DATA FOR REVIEW:
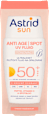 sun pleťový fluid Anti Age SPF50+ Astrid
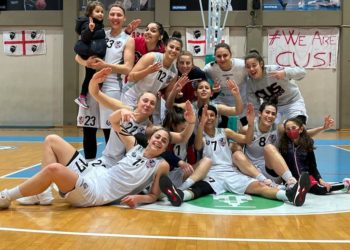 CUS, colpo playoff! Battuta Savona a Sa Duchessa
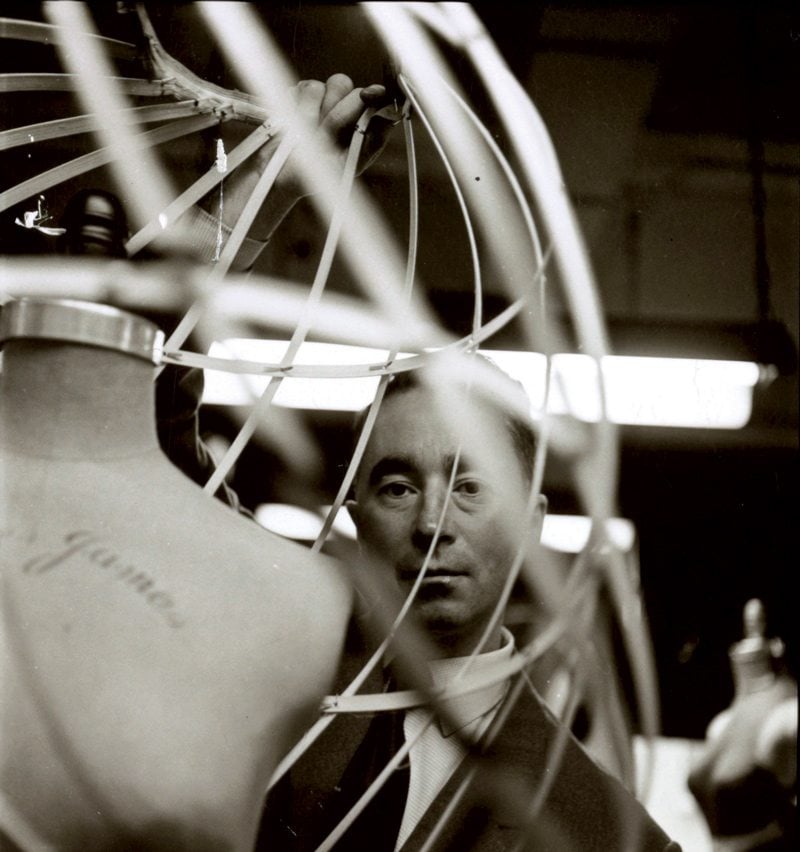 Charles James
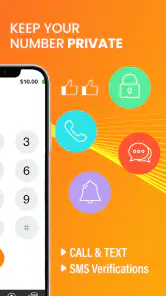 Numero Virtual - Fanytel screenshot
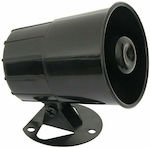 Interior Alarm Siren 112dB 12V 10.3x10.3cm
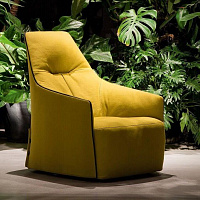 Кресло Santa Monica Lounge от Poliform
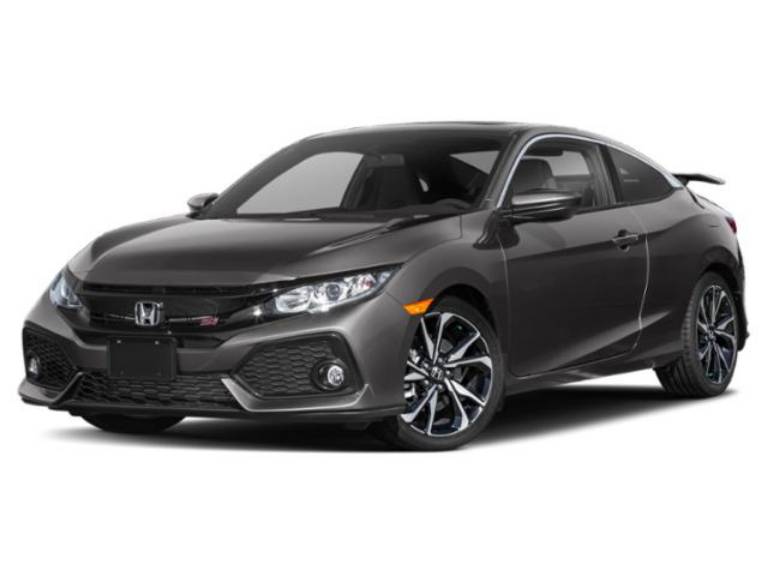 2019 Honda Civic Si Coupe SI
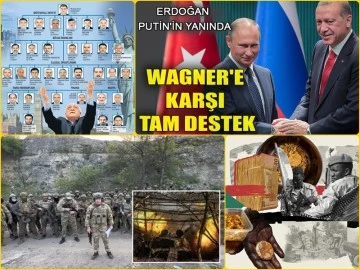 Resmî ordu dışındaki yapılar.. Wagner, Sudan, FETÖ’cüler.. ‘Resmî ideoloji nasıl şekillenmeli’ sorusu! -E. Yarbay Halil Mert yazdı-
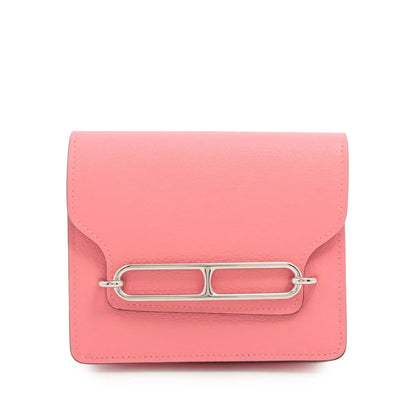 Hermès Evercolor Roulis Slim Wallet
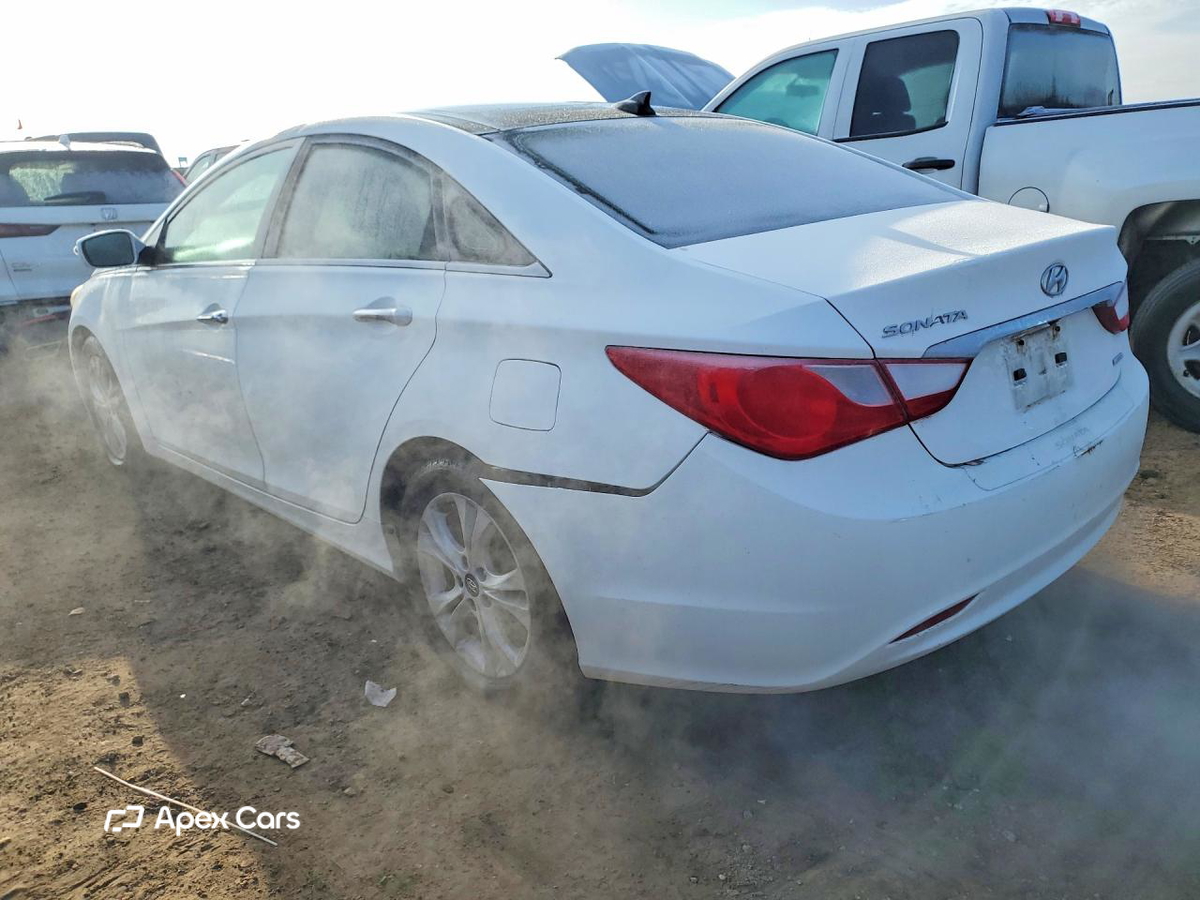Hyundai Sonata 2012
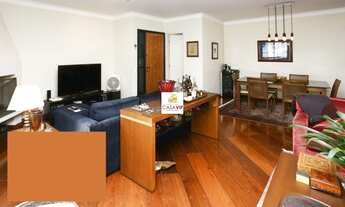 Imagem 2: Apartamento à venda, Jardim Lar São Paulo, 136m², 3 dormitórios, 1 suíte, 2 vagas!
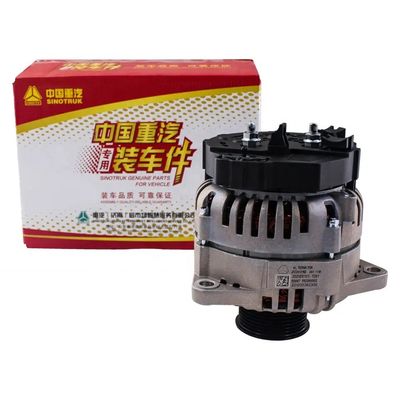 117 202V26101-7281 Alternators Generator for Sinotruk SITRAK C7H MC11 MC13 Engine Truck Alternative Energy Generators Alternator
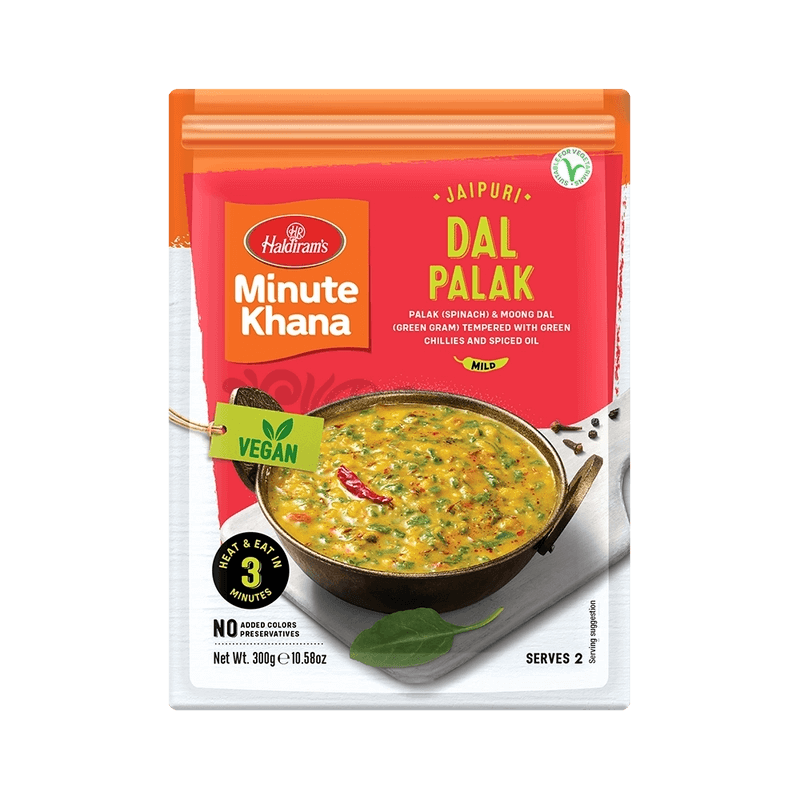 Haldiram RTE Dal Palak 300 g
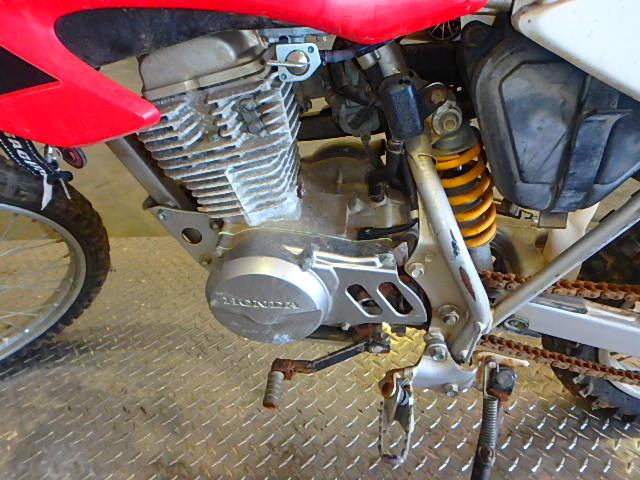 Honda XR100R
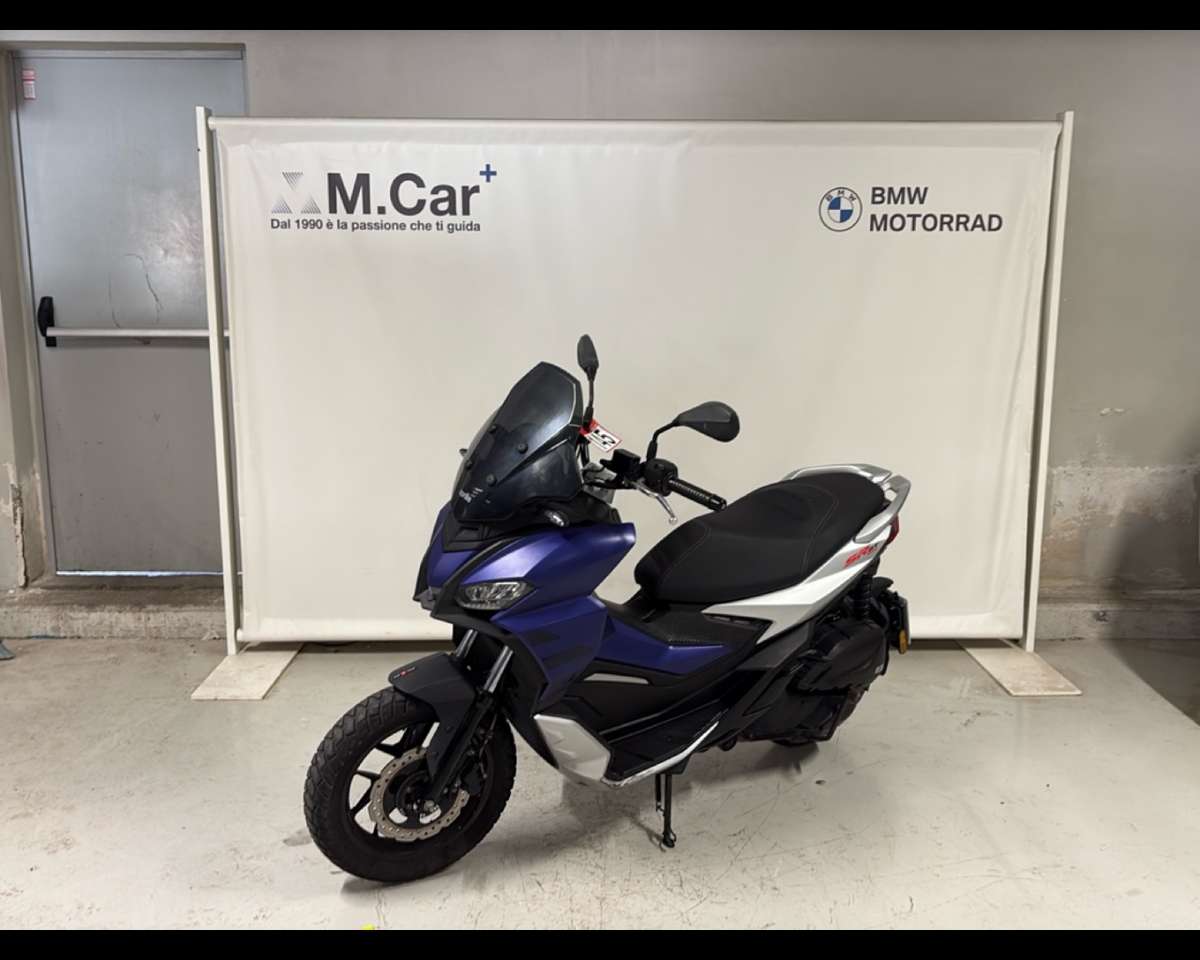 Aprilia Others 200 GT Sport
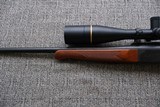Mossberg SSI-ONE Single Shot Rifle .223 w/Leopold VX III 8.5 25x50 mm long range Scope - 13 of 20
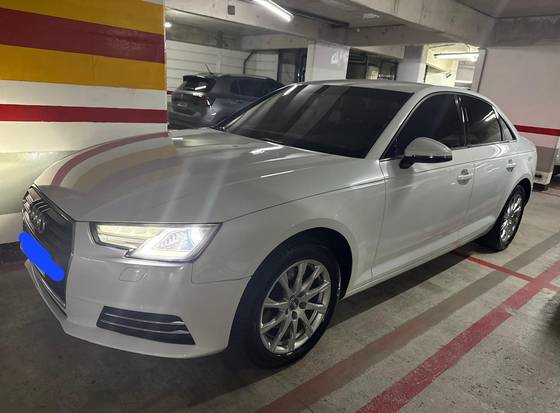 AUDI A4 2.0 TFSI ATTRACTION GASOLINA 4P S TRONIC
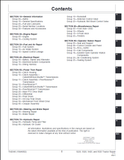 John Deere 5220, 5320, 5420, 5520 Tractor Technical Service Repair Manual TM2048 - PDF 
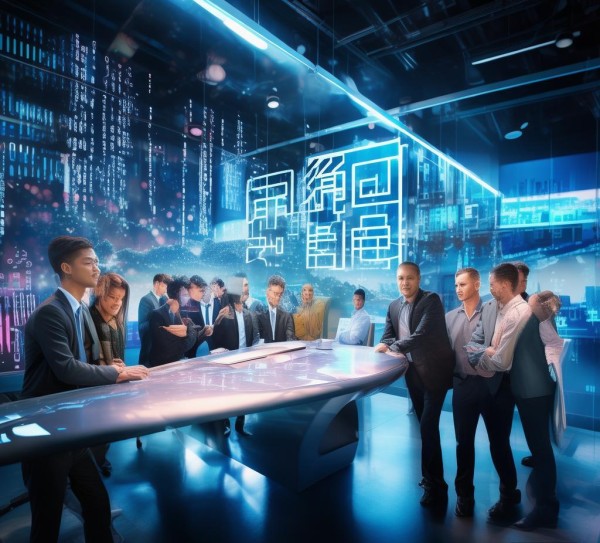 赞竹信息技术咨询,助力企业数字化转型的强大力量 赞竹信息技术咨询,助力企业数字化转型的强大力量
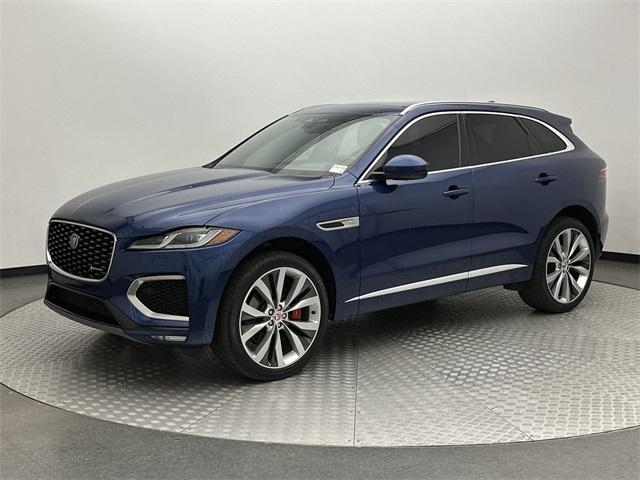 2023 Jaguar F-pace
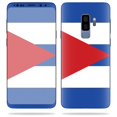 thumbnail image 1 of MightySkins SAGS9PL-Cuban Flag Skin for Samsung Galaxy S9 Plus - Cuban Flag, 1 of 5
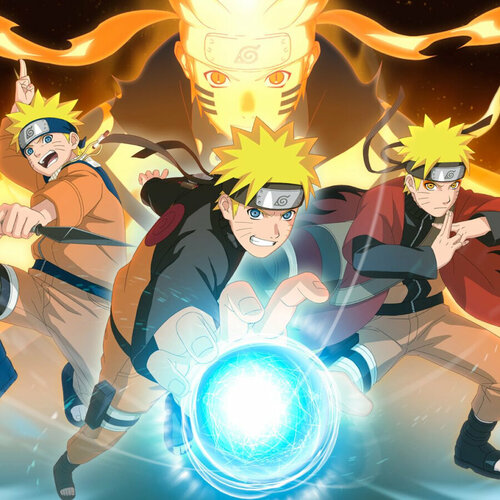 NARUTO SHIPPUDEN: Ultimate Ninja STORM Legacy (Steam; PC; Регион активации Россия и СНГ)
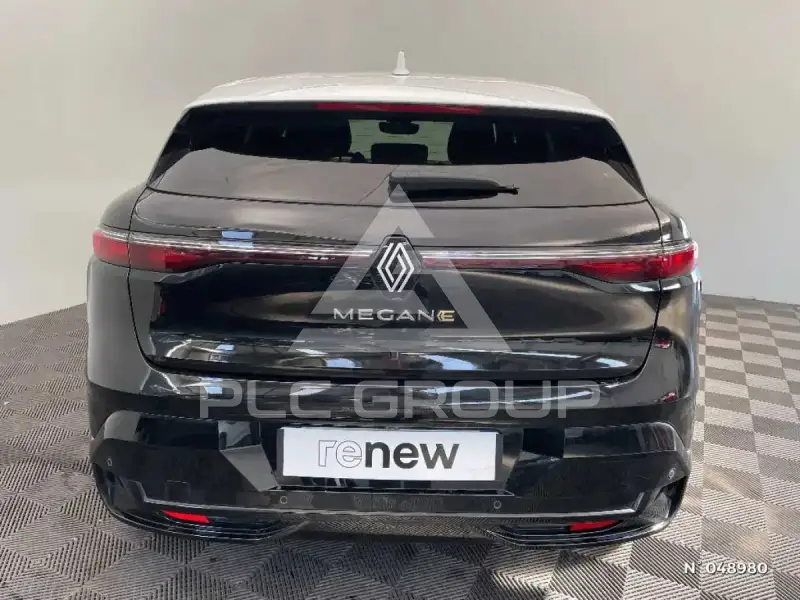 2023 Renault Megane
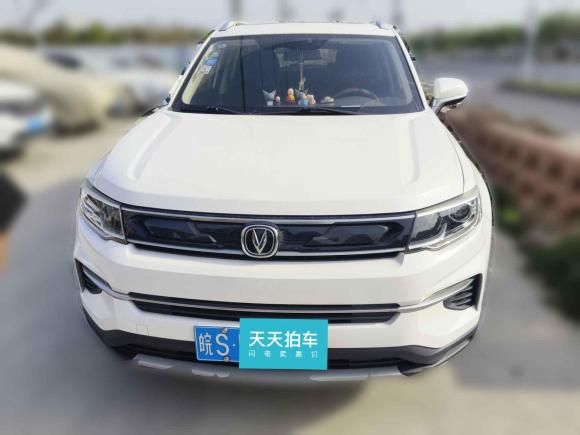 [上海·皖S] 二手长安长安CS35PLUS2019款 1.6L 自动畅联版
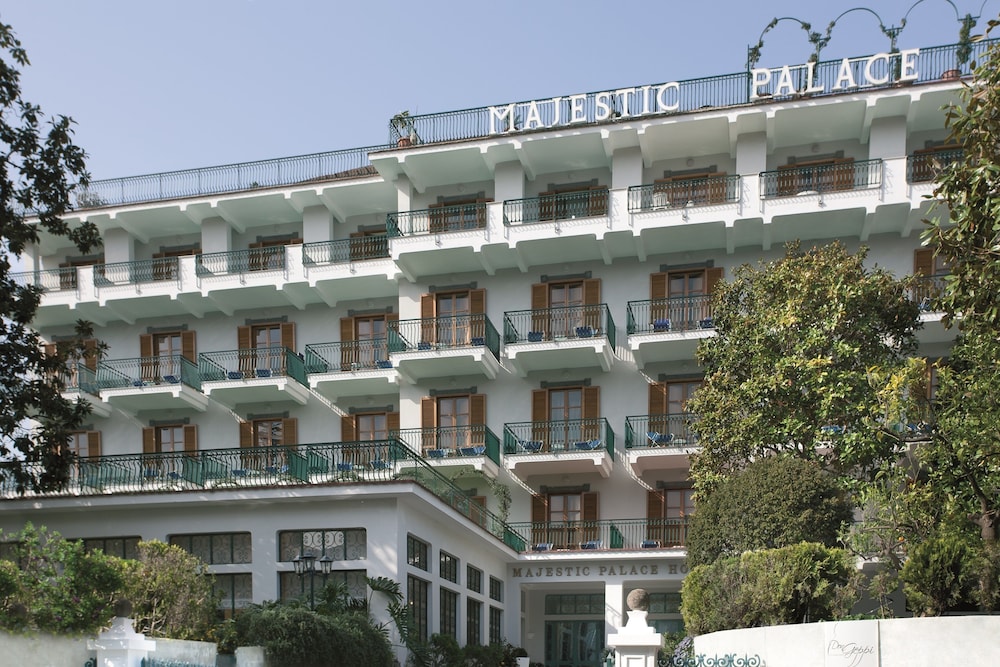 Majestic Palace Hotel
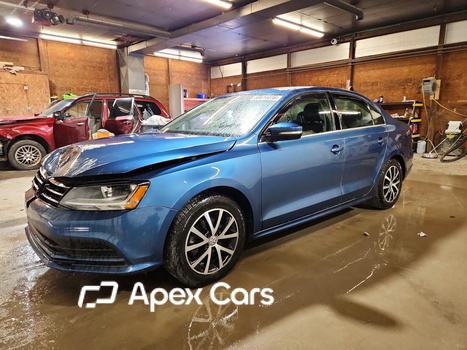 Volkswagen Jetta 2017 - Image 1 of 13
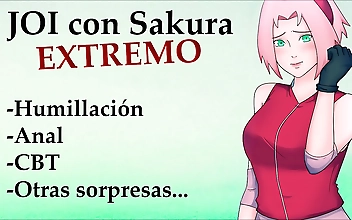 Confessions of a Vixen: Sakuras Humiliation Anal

YOUR OBJECTIVE: Write out the lines that run from the line containing "AUDI A4 2.0" to the end of the entries, inclusive, exactly as written. Skip every picture.

EXERCISE RESPONSE:
 AUDI A4 2.0 TFSI ATTRACTION GASOLINA 4P S TRONIC
 John Deere 5220, 5320, 5420, 5520 Tractor Technical Service Repair Manual TM2048 - PDF 
 赞竹信息技术咨询,助力企业数字化转型的强大力量 赞竹信息技术咨询,助力企业数字化转型的强大力量
 2023 Jaguar F-pace
 thumbnail image 1 of MightySkins SAGS9PL-Cuban Flag Skin for Samsung Galaxy S9 Plus - Cuban Flag, 1 of 5
 NARUTO SHIPPUDEN: Ultimate Ninja STORM Legacy (Steam; PC; Регион активации Россия и СНГ)
 2023 Renault Megane
 [上海·皖S] 二手长安长安CS35PLUS2019款 1.6L 自动畅联版
 Majestic Palace Hotel
 Volkswagen Jetta 2017 - Image 1 of 13
 Confessions of a Vixen: Sakuras Humiliation Anal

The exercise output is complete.